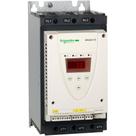 Soft Starter ATS22D88Q 88A Schneider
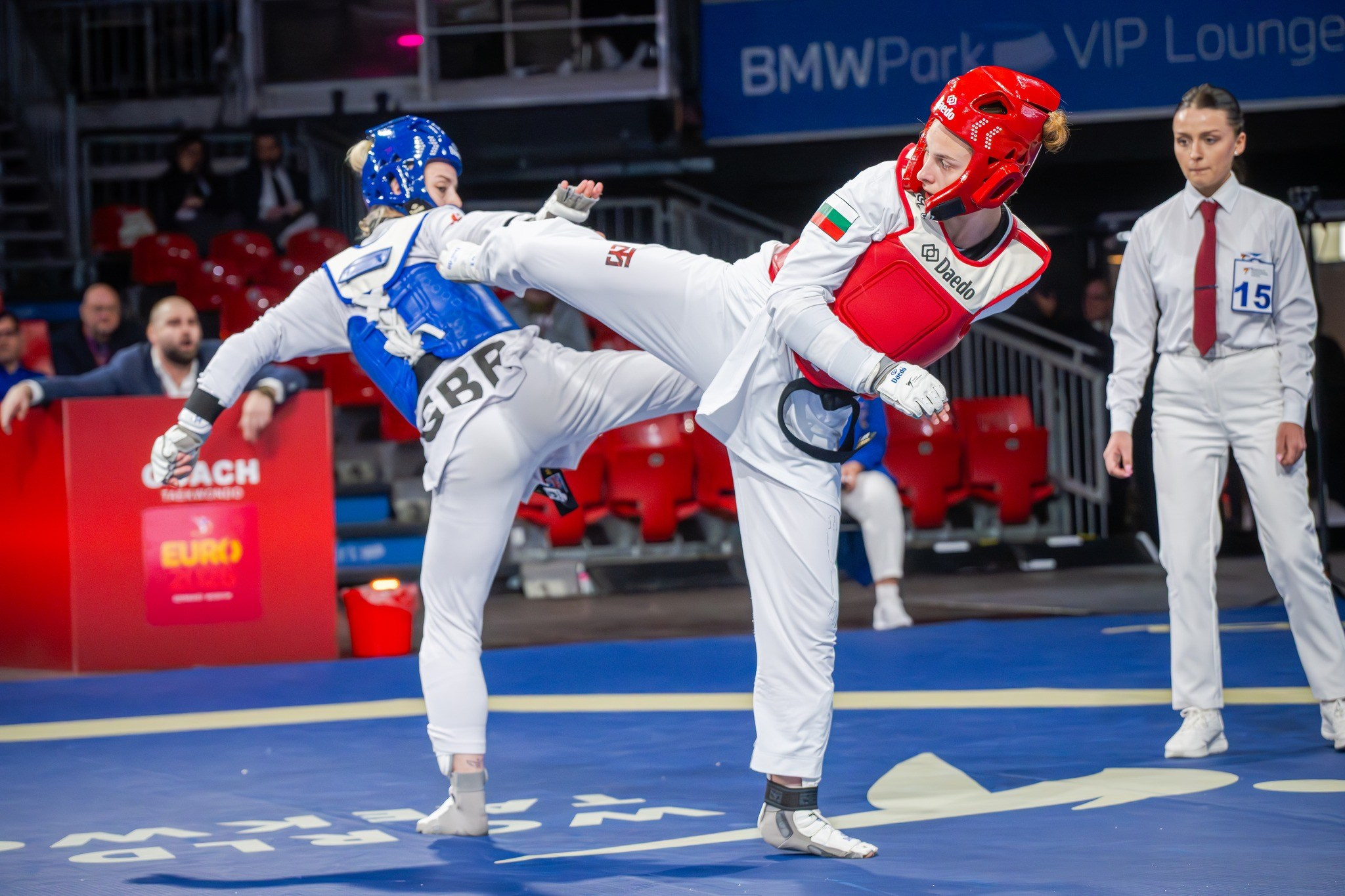 PhotoAdrenaline.com - Спортна Фотография / Sports Photography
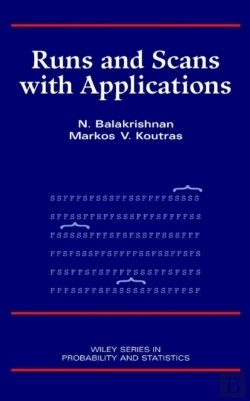 Bertrand.pt - Runs And Scans With Applications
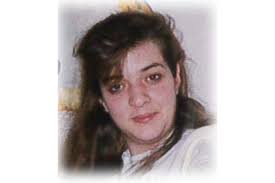 Michelle Mueller-Ackley Obituary (1970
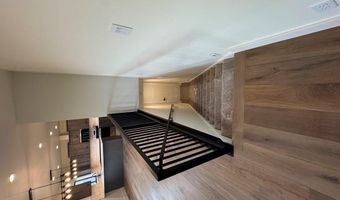 3660 E 1312 N, Ashton, ID 83420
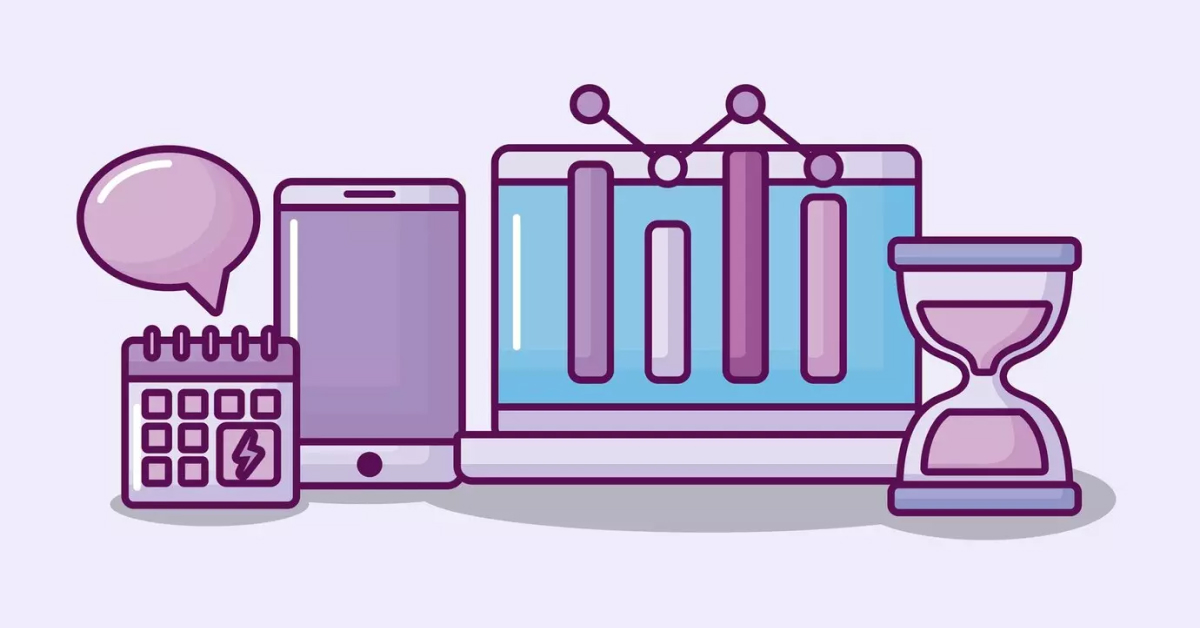 Salary Benchmarking: How to Ensure Fair Compensation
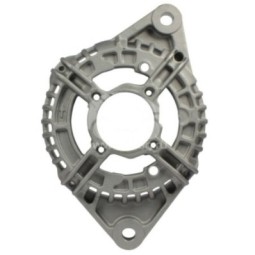 ABB1837 Ön Alternatör kapağı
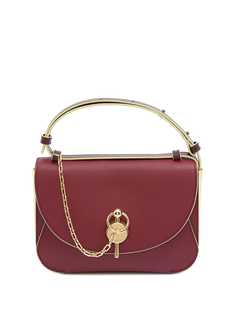 Сумки J.W. Anderson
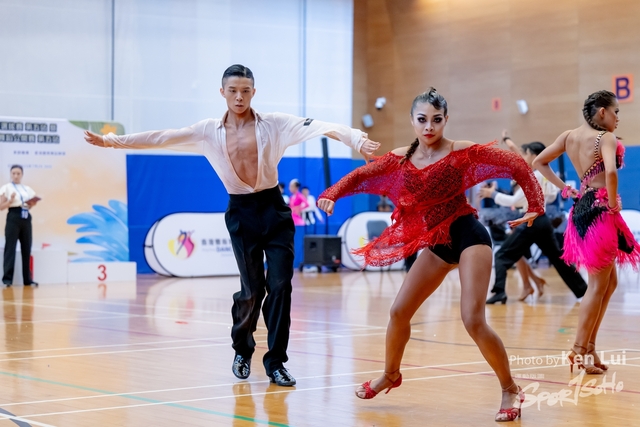 20230730 Dance-1244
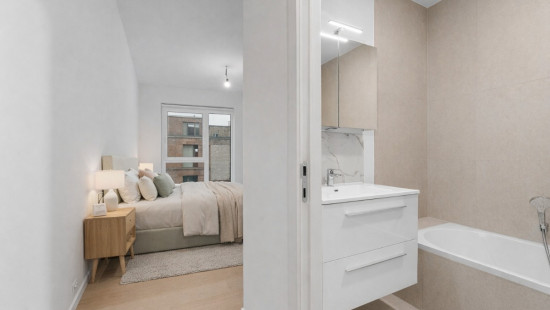 Molenstraat - 105B - 0204 - 9900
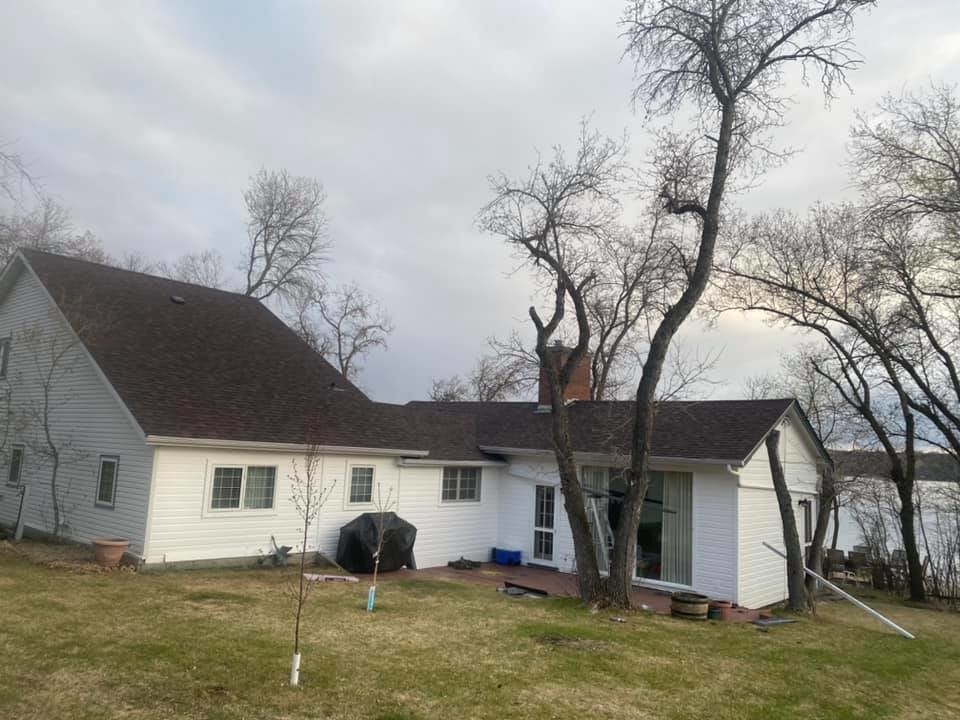 ValleyHorizons Contracting Ltd. | 712 Boyle St, Indian Head, SK S0G 2K0, Canada | Phone: (306) 660-7544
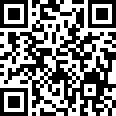 QRコード https://mirunuku.net/?cid=h_259gek01113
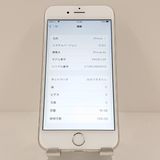 iPhone6s 16GB SIM�ե꡼ ����С� c18077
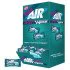 VIGORSOL AIR ACTION MONO X250*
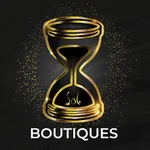 SB&C Boutiques icon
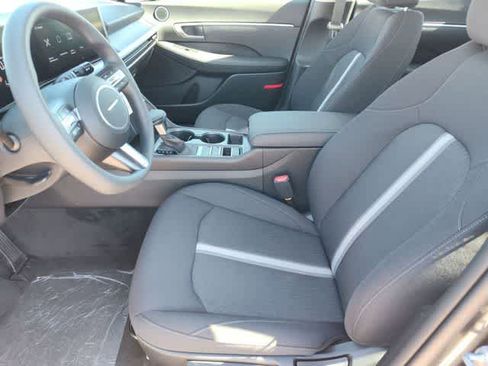 New 2026 Hyundai Sonata SE image 11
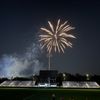 Centreville Bank Stadium gift card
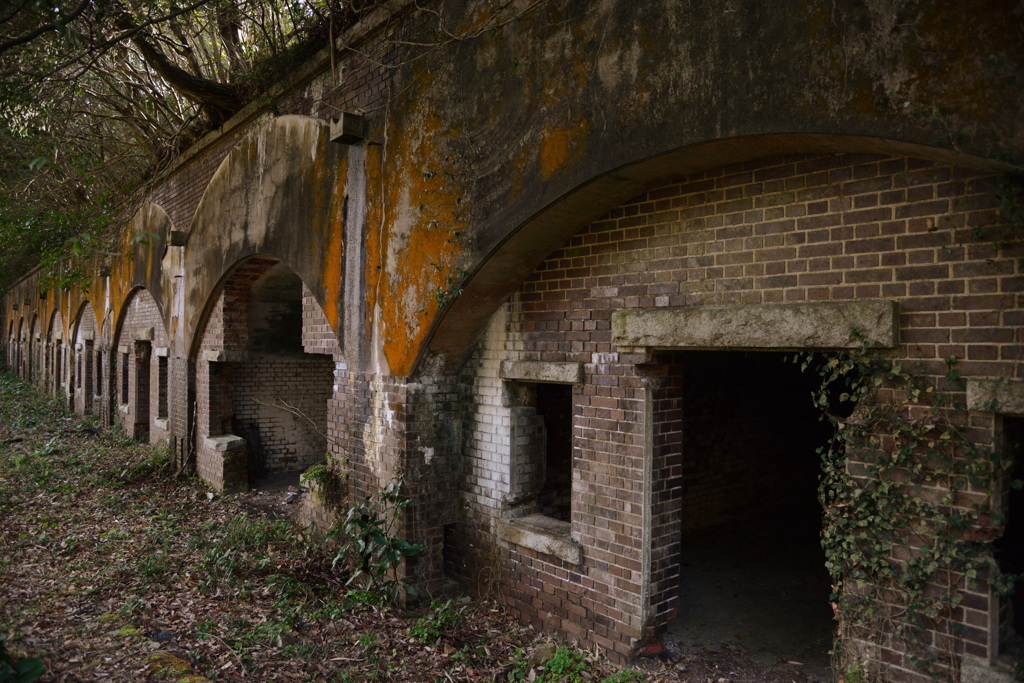 over and over and...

WHAT IS REQUIRED: Would you reproduce the lines above, from the very first through the line containing "SB&C Boutiques icon", exactly and without the pictures?

ANSWER BELOW:
 Soft Starter ATS22D88Q 88A Schneider
 PhotoAdrenaline.com - Спортна Фотография / Sports Photography
 Bertrand.pt - Runs And Scans With Applications
 Michelle Mueller-Ackley Obituary (1970
 3660 E 1312 N, Ashton, ID 83420
 Salary Benchmarking: How to Ensure Fair Compensation
 ABB1837 Ön Alternatör kapağı
 Сумки J.W. Anderson
 20230730 Dance-1244
 Molenstraat - 105B - 0204 - 9900
 ValleyHorizons Contracting Ltd. | 712 Boyle St, Indian Head, SK S0G 2K0, Canada | Phone: (306) 660-7544
 QRコード https://mirunuku.net/?cid=h_259gek01113
 iPhone6s 16GB SIM�ե꡼ ����С� c18077
 VIGORSOL AIR ACTION MONO X250*
 SB&C Boutiques icon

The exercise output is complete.